Fort de ce succès, Peter Jackson souhaite enfoncer le clou pour de bon et écrit Braindead, LE film ultime dans le domaine du gore-comique à grand spectacle. Malheureusement, le projet tombe momentanément à l’eau et Jackson se rabat sur un autre projet. Il tourne donc The Feebles en 1989, une parodie du Muppet Show à la fois trash, légèrement gore et plutôt malsaine.

En 1992, il enchaîne enfin sur son projet fétiche et tourne Braindead. Ici, pas vraiment besoin de résumer le scénario du film. Celui-ci est ouvertement une parodie de film gore d’où un second degré et un jeu outré des acteurs (ajouté à cela à un manque de talent évident) : voir la scène du dîner. Mais ce qui choque (encore aujourd’hui) c’est le gore absolu de ce film.

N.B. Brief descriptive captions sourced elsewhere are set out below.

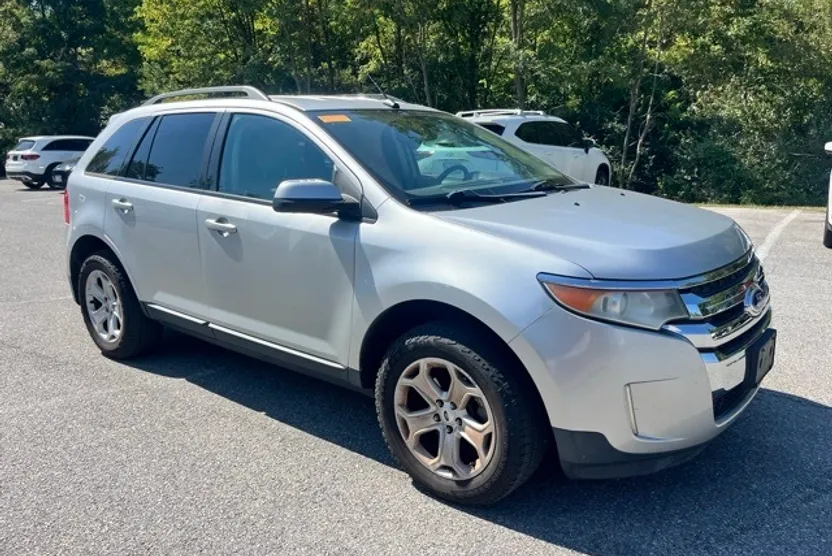2012 Ford Edge SEL photo 1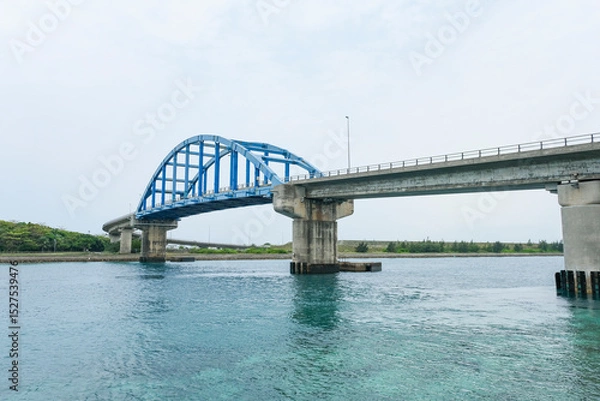 Fototapeta 八島人工島へ渡るサザンゲートブリッジ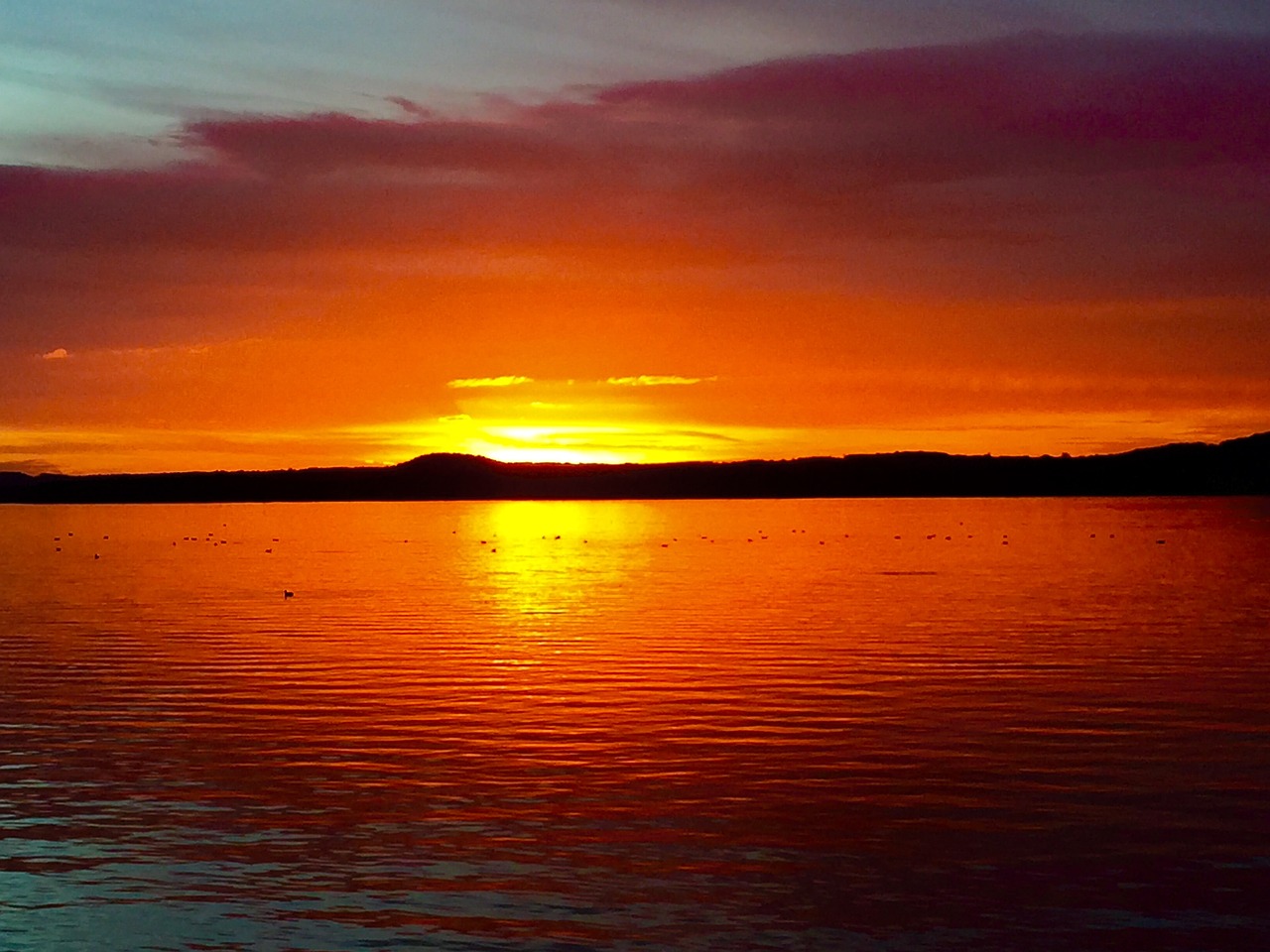 Озером закат текст. Оранжевый закат на озере. Закат на озере Ильмень. Закат на озере Смолино. Оранжевое озеро.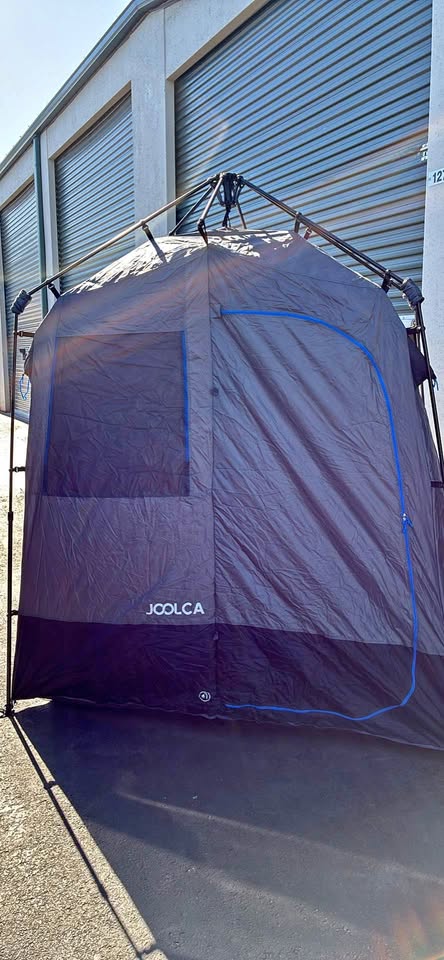 Joolca double shower tent in Layton, UT (photo 1) — photo 1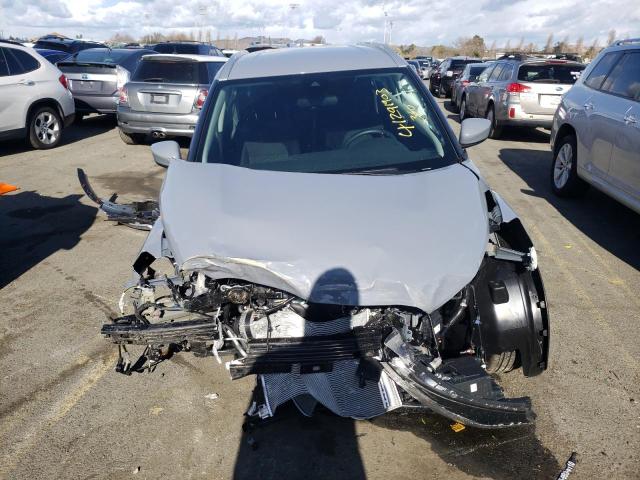 3N1CP5CV4PL487698 - 2023 NISSAN KICKS SV GRAY photo 5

Des têtes explosent, des viscères se répandent, des petits personnages sortent de têtes ouvertes en deux, du sang, des litres de sang se déversent sur le sol et les murs. En cela, la scène de massacre à la tondeuse à gazon est mythique. Ceci étant, Peter Jackson n’en n’oublie pas la comédie avec de nombreuses scènes tordantes comme celle où le héros promène le bébé monstrueux dans un landau (avis aux nouveaux parents !).

Arrêtons-nous un instant, car un constat s’impose : les meilleurs moments de Le Hobbit : La Bataille des Cinq Armée sont regroupés dans la bataille finale. Ici, tout le savoir-faire du réalisateur se déploie. Un exemple : lorsque des trolls géants se défoncent la tête pour emboutir la forteresse. Etourdis un instant, ils finissent par se relever et s’introduisent dans la forteresse. L’image de ces colosses étourdis parterre est à la fois tordante et surprenante.

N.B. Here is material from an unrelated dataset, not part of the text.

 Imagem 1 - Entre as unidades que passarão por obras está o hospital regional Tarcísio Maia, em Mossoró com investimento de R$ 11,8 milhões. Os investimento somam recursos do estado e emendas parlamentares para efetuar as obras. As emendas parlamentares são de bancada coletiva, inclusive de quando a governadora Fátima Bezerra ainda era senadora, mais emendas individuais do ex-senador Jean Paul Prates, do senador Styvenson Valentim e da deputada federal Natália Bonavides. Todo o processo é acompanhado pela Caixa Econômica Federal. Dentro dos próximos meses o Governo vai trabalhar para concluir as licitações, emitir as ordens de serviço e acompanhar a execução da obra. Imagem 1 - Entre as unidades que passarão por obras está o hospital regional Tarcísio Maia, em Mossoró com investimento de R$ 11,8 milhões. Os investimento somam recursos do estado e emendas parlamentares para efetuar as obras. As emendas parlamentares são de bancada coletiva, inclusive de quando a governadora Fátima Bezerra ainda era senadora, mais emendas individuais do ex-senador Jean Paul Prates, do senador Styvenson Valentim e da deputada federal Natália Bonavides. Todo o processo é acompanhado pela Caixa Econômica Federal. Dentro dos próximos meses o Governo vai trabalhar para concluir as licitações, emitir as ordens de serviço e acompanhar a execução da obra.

Et alors me direz-vous ? Et alors, dans ce film les moments de batailles sont phagocytés par de longs duels inutiles avec des personnages qui sont, de surcroît, des pièces rapportées : Legolas, Tauriel… Ces batailles sont en plus dénaturées par le numérique qui gâche vraiment toute la magie de ces scènes pourtant bien filmées. À l’époque de la trilogie de l’anneau, les effets numériques n’étaient pas omniprésents et il y avait encore des figurants pour donner corps au récit. Maintenant, les armées entières sont créées numériquement. Le sang a disparu depuis belle lurette et les idées de mise en scène se sont réduites comme peau de chagrin.

Et oui, le sang a disparu et Peter Jackson lui-même ni croît plus. Alors oui, il est toujours aussi bon dans l’épique, dans le grandiloquent, c’est pour cela que la bataille est réussi. Mais, tel un aveu d’échec, il entrecoupe ces scènes de duels longs, inutiles et inconsistants entre des personnages dont tout le monde se moque : Legolas (mais rappelez-moi que fait-il dans ce film ?), Tauriel (après Sawyer, elle s’amourache d’un nain, sérieux ?) et ce Bolg dont la modélisation numérique est pour le moins raté.

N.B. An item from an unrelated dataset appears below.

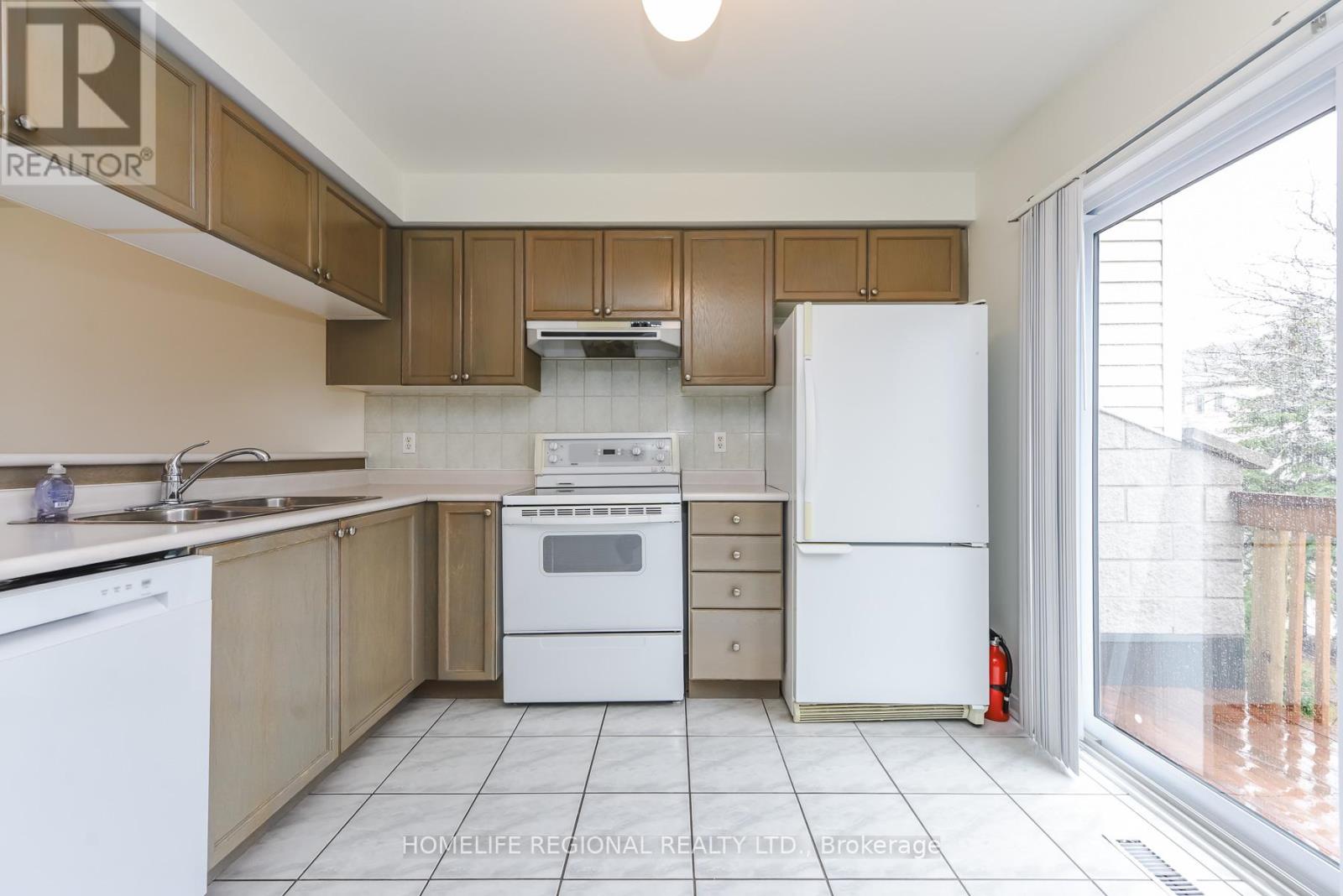 72 - 7105 Branigan Gate Property Photo 10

“Films 100 years ago were 16 frames per second, no sound, no color. So if you look 100 years ahead, I don’t know what films will be, but I can guarantee they won’t be 24 frames per second and 2D. The audience is falling away, and you have to compete with all the other forms of entertainment. So to get people into the cinema, we need to experiment to survive.”

Peter Jackson

Brain dead

Il est temps de se poser la réelle question : quand va-t-on laisser le numérique là où il doit rester c’est-à-dire en périphérie d’un film. Je m’explique : si on regarde à nouveau Avatar aujourd’hui, rien à dire, ce film est une pure merveille sur le plan esthétique même si les effets numériques ont vieilli. Pourquoi ? Car le film est bon, repose sur un scénario cohérent et déploie un univers esthétique honorable. En sommes, on se moque bien de savoir si Avatar est fait en tout numérique.

Au contraire, Peter Jackson a tout misé sur la technique : d’abord la 3D et ensuite la HFR (hight frame rate). Qu’est-ce qu’on nous a rebattu les oreilles avec ces fameuses 48 images/seconde. Et résultat : une image digne des séries TV telles que Docteur Who ! Est-ce véritablement une avancée ? Doit-on aller toujours plus loin dans la recherche de « réalisme » alors que l’on sait très bien en réalité qu’on s’en éloigne avec le tout numérique ?

Ensuite, à cause d’un vicieux effet boomerang, certaines scènes rapides souffrent de la trop grande précision de l’image ce qui fait que nos yeux ne peuvent pas suivre la cadence. Donc, au pire le film est difficile à suivre pour une partie du public, au mieux on arrive à distinguer toutes les scènes ! Et bien j’ai envie de dire bravo Mr Jackson pour cet exploit ! Arriver à faire un film dont on distingue toutes les scènes en 2014 ! Bref, la HFR n’est pas un argument qualitatif à mes yeux, il ne s’agit que d’un support technique. C’est juste un moyen technique pour réaliser quelque chose (ce quelque chose étant un film). Pour rappel, je ne suis pas à priori contre la technologie. Par exemple, Avatar 2 est tourné en 60 images/seconde et je suis impatient de voir le résultat car je sais que Cameron ne sortira rien qui ne soit pas au point et, en tout état de cause, il misera tout sur son histoire.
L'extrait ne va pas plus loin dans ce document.